The following data needs to be repeated exactly, with all images excluded.

── Information supplied ──

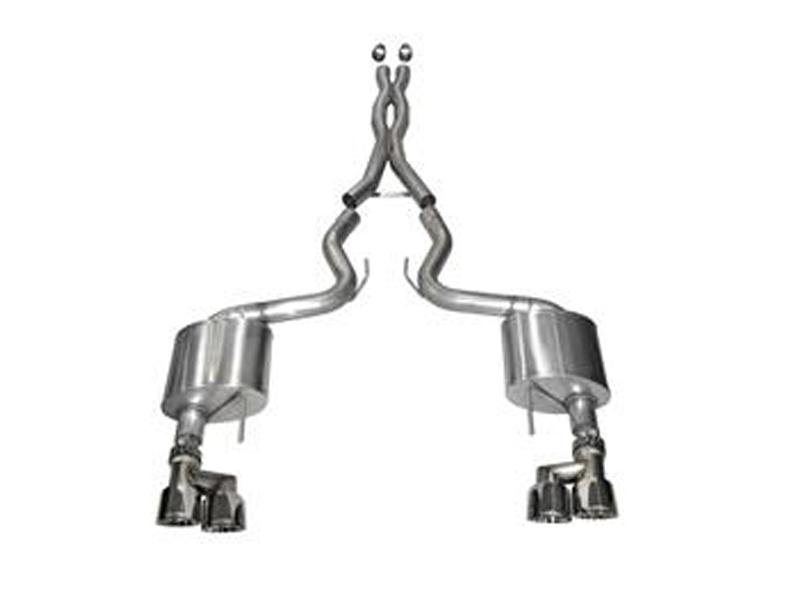 Corsa 15-16 Ford Mustang GT 5.0 3in Cat Back Exhaust Quad Tips (Xtreme) Hellhorse Performance
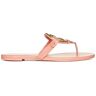 Tory Burch Miller Leather Flat Sandals - 0Sweet tooth gold - female - Size: 6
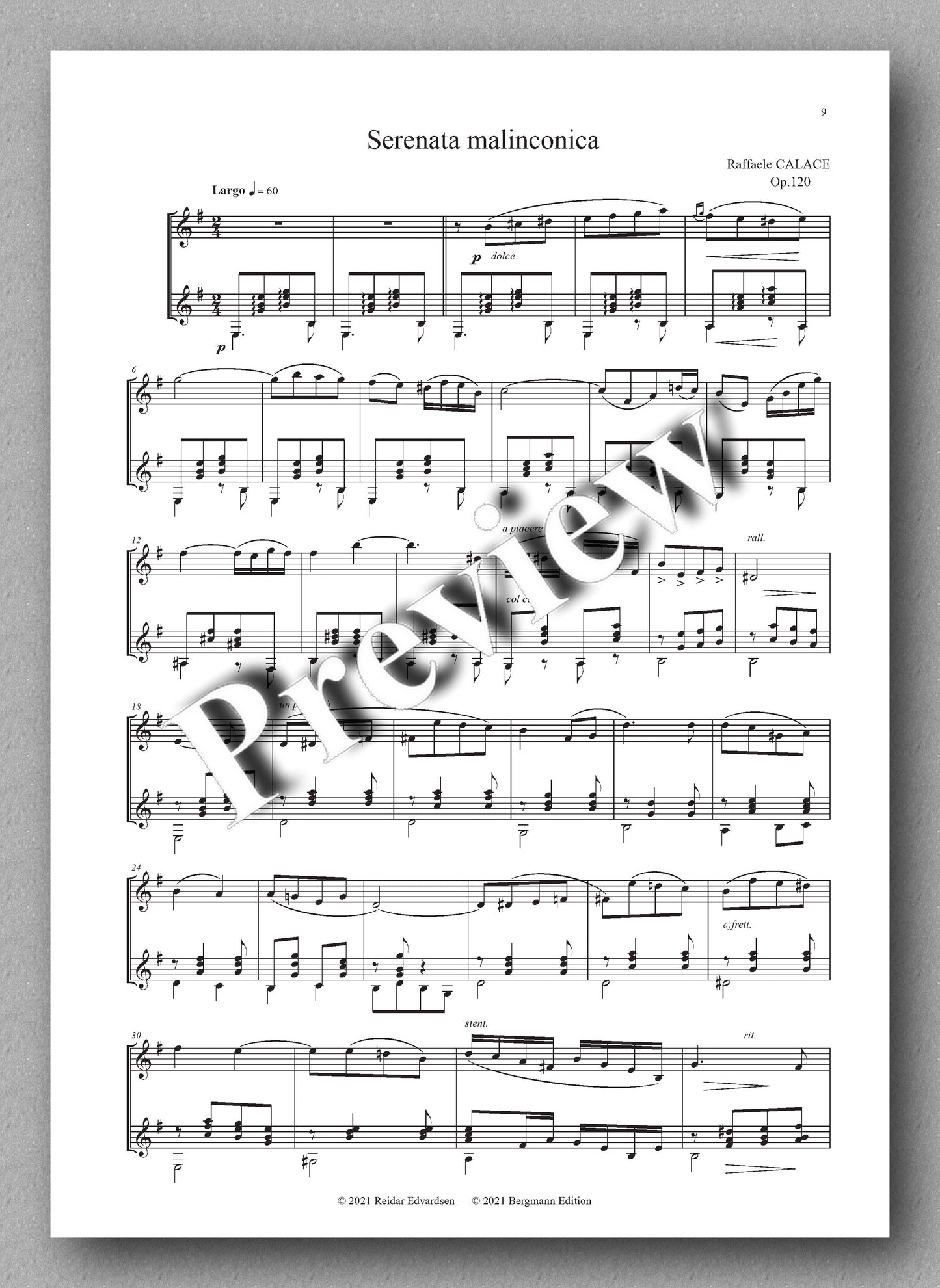 Calace-Edvardsen, Tre Serenate - Music score 2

───

■ Exercise result
 Corsa 15-16 Ford Mustang GT 5.0 3in Cat Back Exhaust Quad Tips (Xtreme) Hellhorse Performance
 Tory Burch Miller Leather Flat Sandals - 0Sweet tooth gold - female - Size: 6
 Calace-Edvardsen, Tre Serenate - Music score 2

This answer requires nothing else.